═════ RECORDS TO PROCESS

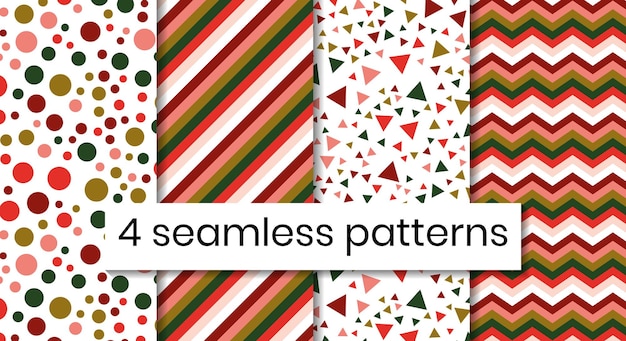 Set of seamless geometric pattern in bright colors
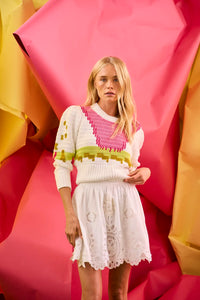 Sully Pullover in White Multi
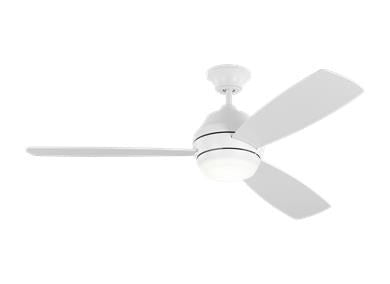 Ceiling Fan In Matte White With Matte White Blades by VC Fan Collection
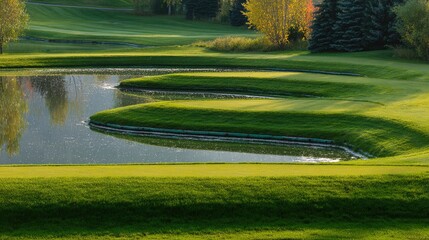 oligarchy. A golf course with manicured grass and water hazards under a sunny sky. event key visuals, club posters, designed for sports event promotions and stadium branding, drives event promotion.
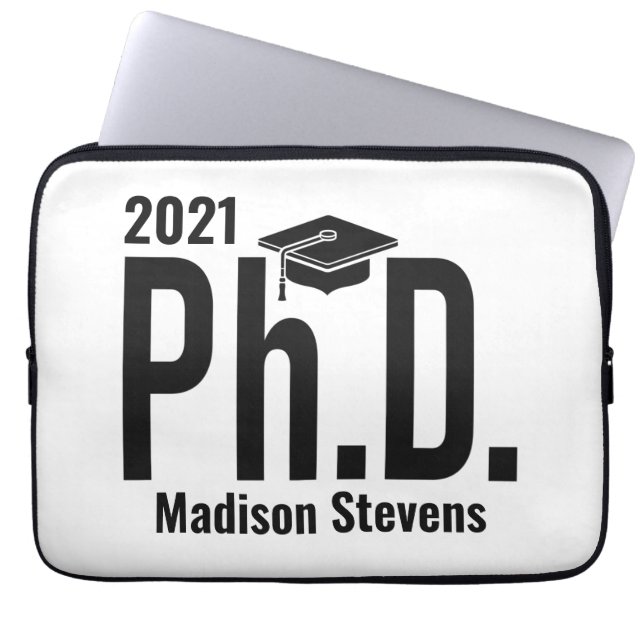 Aangepaste naam, jaar en kleur Ph.D. laptop sleeve (Voorkant)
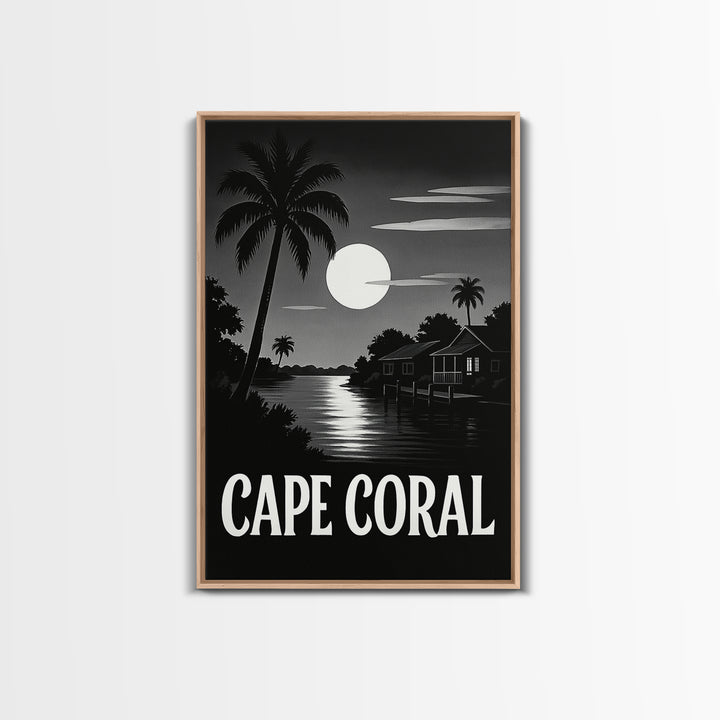 Cape Coral Travel Poster, Canvas Print, Dark Moody City Wall Art, Cape Coral Travel Art, Travel Art Print, Home Office Decor, Art Print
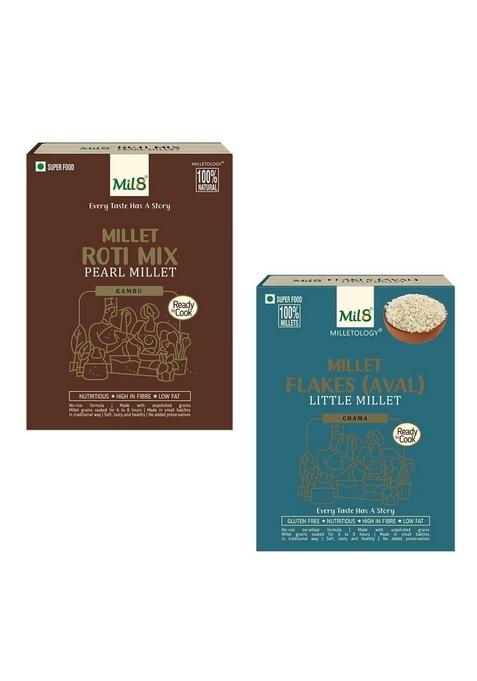 Mil8 Rotimix Pearl & Flakes (Aval) Little Millet Combo (300Gram-200Gram) Nutritious, Delicious And Healthy Breakfast Solution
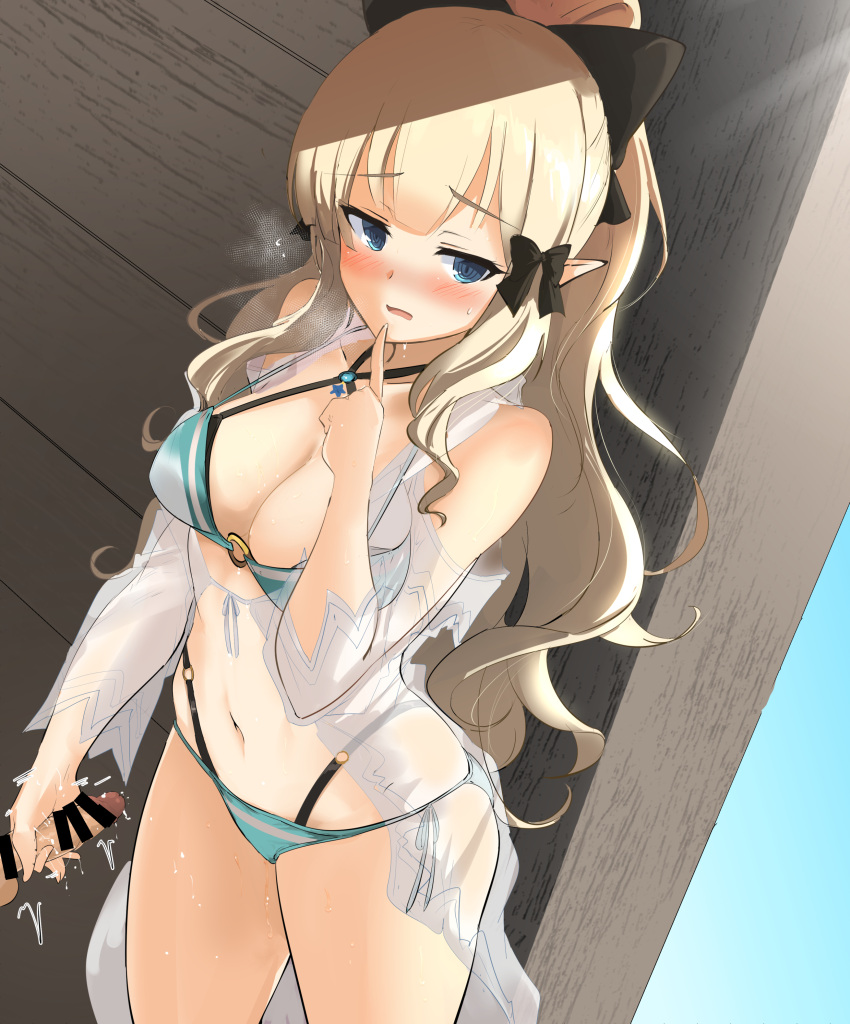 bikini breast_hold breasts momio penis princess_connect princess_connect!_re:dive swimsuits tagme wet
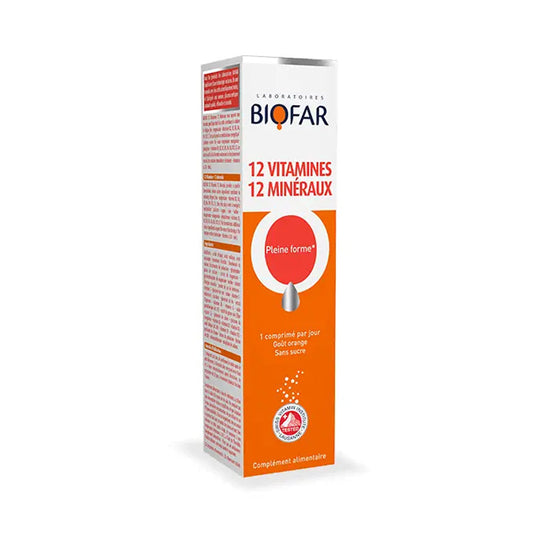 Biofar 12 Vitamine 12 Minéraux 20 Comprimés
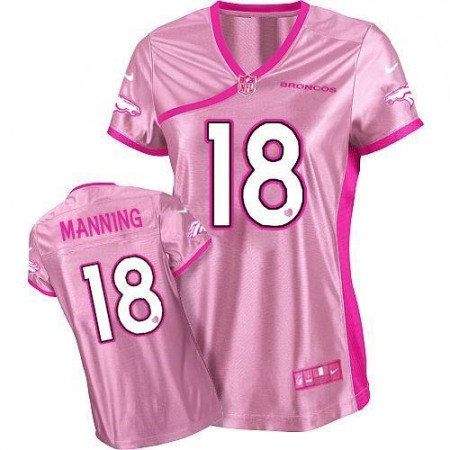Nike Broncos #18 Peyton Manning Pink Women's Be Luv'd Stitched NFL Elite Jersey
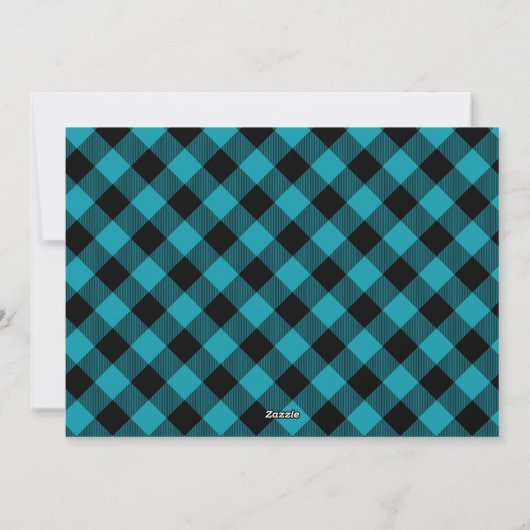 Rustic Buffalo Plaid Custom Photo Turquoise Black シーズンカード (裏面)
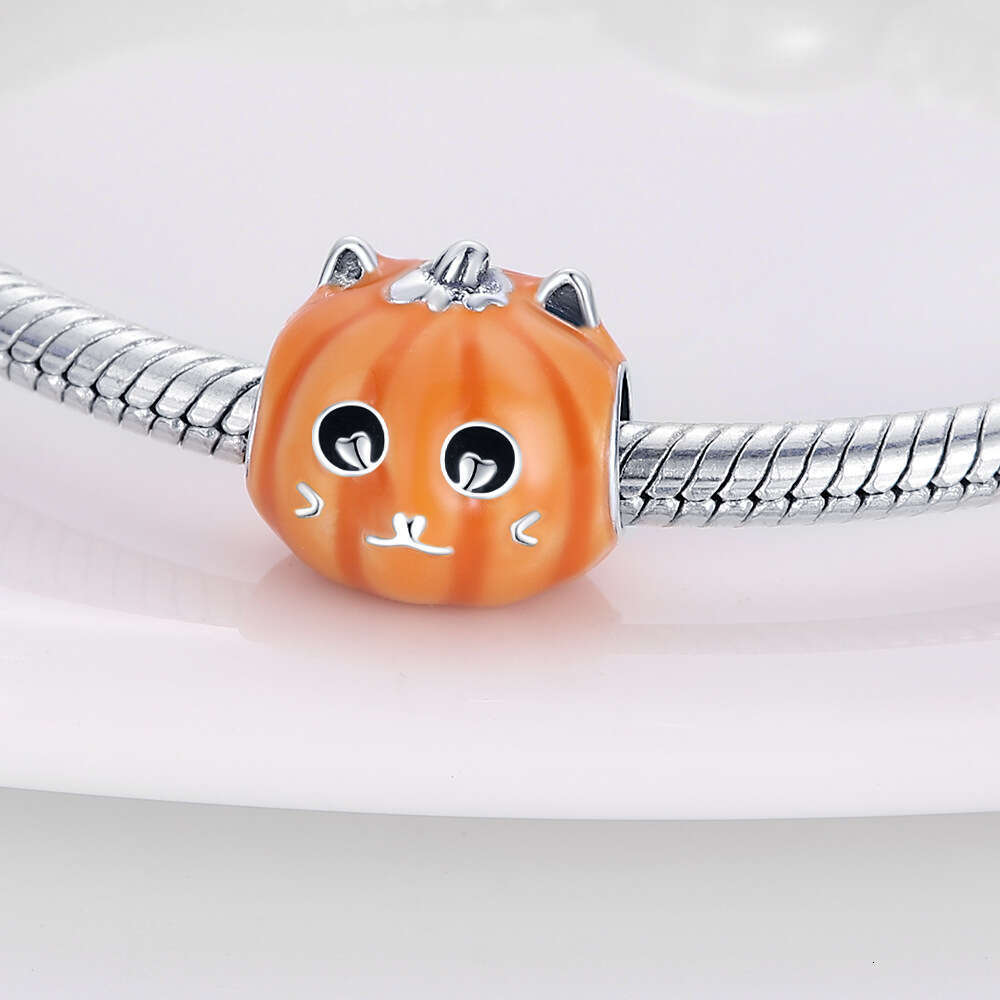 New 925 Sterling Silver Charm Halloween Colorful Night Light Pumpkin Beads Fit Charms Silver 925 Original Bracelet DIY Jewelry Making For women Gifts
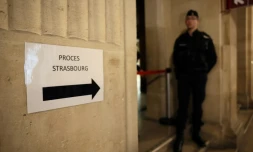 L'entrée de la salle d'audience du procÚs de l'attentat du marché de Noël de Strasbourg en 2018, au palais de justice de Paris, le 29 février 2024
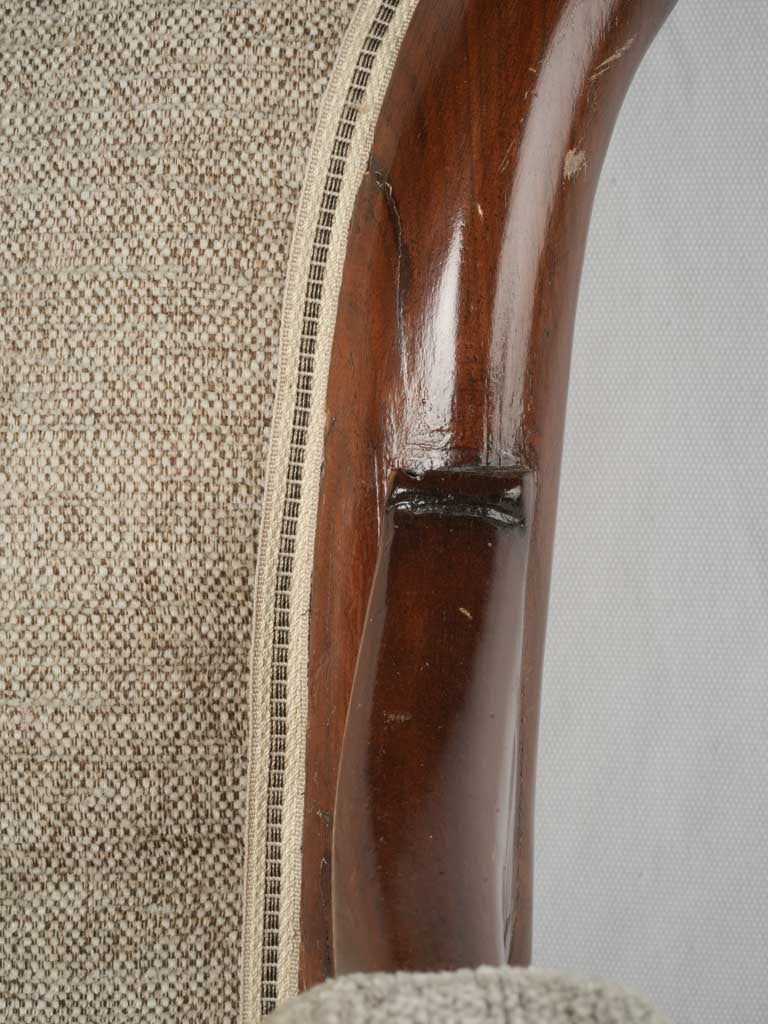Brass caster mahogany armchair 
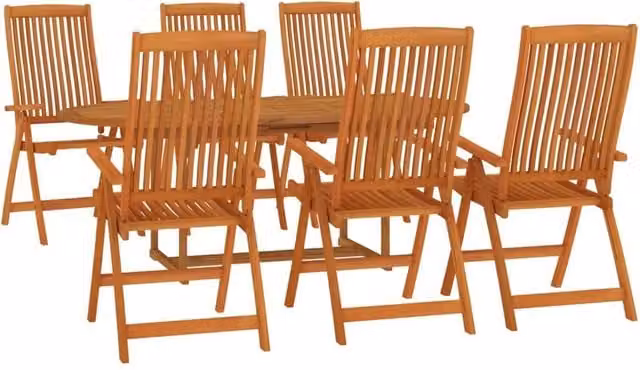 Berkfield Home Beautiful 7 Piece Garden Dining Set in Brown Oiled Solid Eucalyptus Wood W/D/H: 150 x 100 x 75 cm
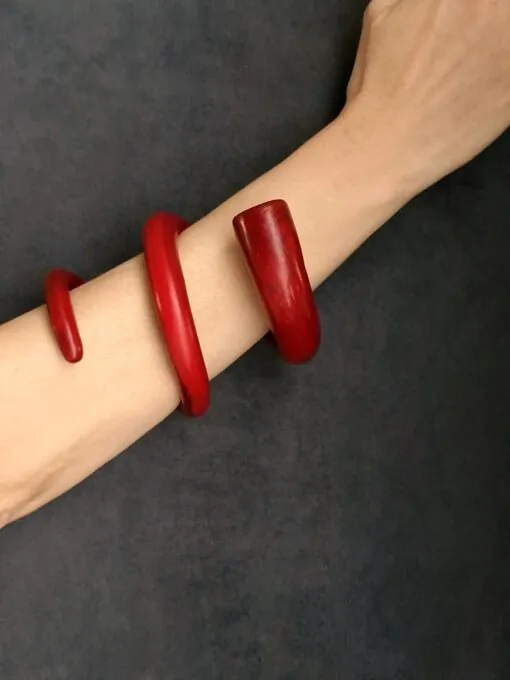 Red Double Wrap Snake Cuff - Size L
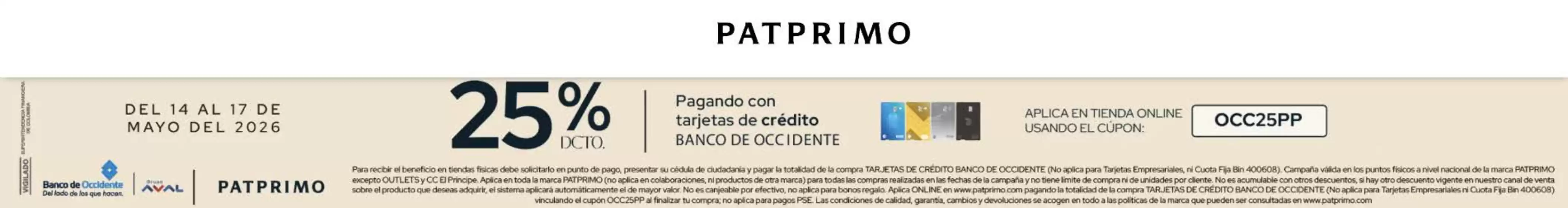 Catálogo Pat Primo en Ibagué | Ofertas 20% - 25% OFF | 2026-05-15T00:00:00.000Z - 2026-05-18T00:00:00.000Z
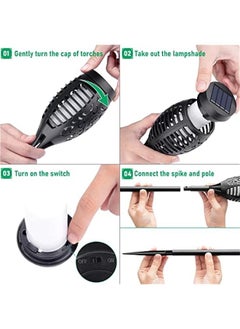 Arabest Outdoor Solar Torch Light with Flickering Flame, Garden Decor Waterproof Yard Pathway Flame Torches Powered by Solar for Patio Decorations.  - Image 5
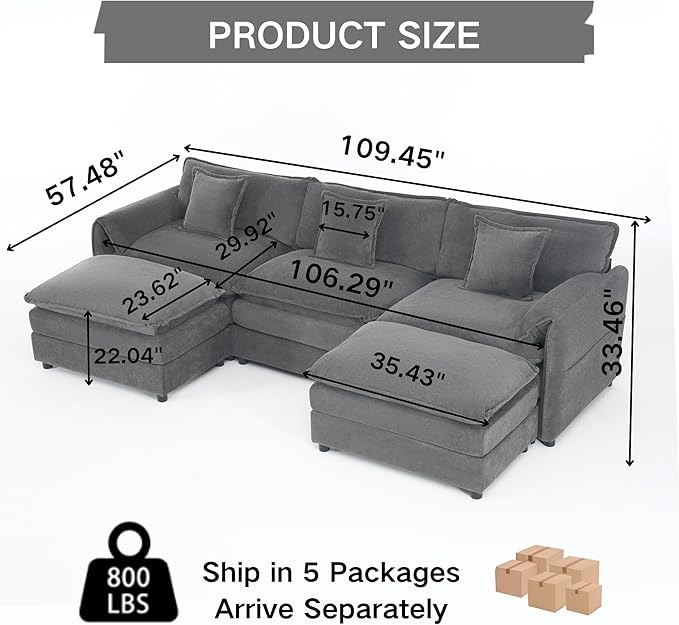 RENDGO 109" Modular Sectional Sofa with 2 Ottoman, Chenille Cloud Couch for Living Room & Apartment, Deep Seat Comfort, Flexible U-Shape Combination Sofa for Home & Office,Grey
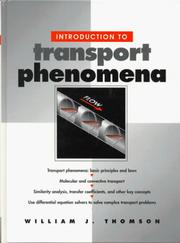 Cover of: Introduction to transport phenomena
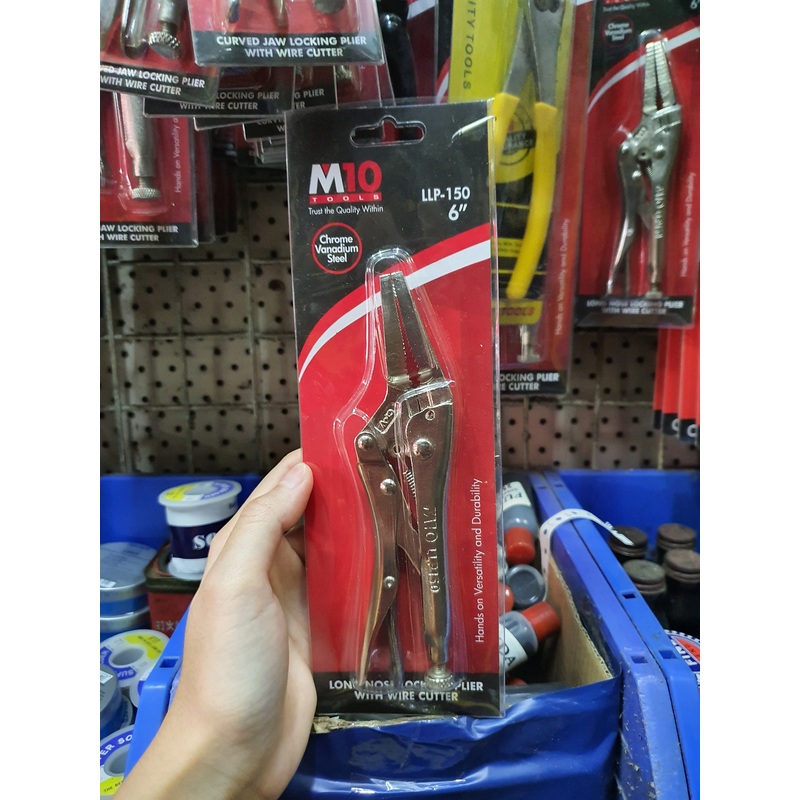 M10 Long Nose Locking Plier with Wire Cutter | Model : LLP-150 or LLP-225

══════════

THE PROBLEM ::
When you come to the line containing "New 925 Sterling" in the records above, repeat that line and all lines after it exactly, but not the pictures.

RESPONSE ::
 New 925 Sterling Silver Charm Halloween Colorful Night Light Pumpkin Beads Fit Charms Silver 925 Original Bracelet DIY Jewelry Making For women Gifts
 L'entrée de la salle d'audience du procÚs de l'attentat du marché de Noël de Strasbourg en 2018, au palais de justice de Paris, le 29 février 2024
Brass caster mahogany armchair 
 Berkfield Home Beautiful 7 Piece Garden Dining Set in Brown Oiled Solid Eucalyptus Wood W/D/H: 150 x 100 x 75 cm
 Red Double Wrap Snake Cuff - Size L
 Catálogo Pat Primo en Ibagué | Ofertas 20% - 25% OFF | 2026-05-15T00:00:00.000Z - 2026-05-18T00:00:00.000Z
 Arabest Outdoor Solar Torch Light with Flickering Flame, Garden Decor Waterproof Yard Pathway Flame Torches Powered by Solar for Patio Decorations.  - Image 5
 RENDGO 109" Modular Sectional Sofa with 2 Ottoman, Chenille Cloud Couch for Living Room & Apartment, Deep Seat Comfort, Flexible U-Shape Combination Sofa for Home & Office,Grey
 Cover of: Introduction to transport phenomena
 M10 Long Nose Locking Plier with Wire Cutter | Model : LLP-150 or LLP-225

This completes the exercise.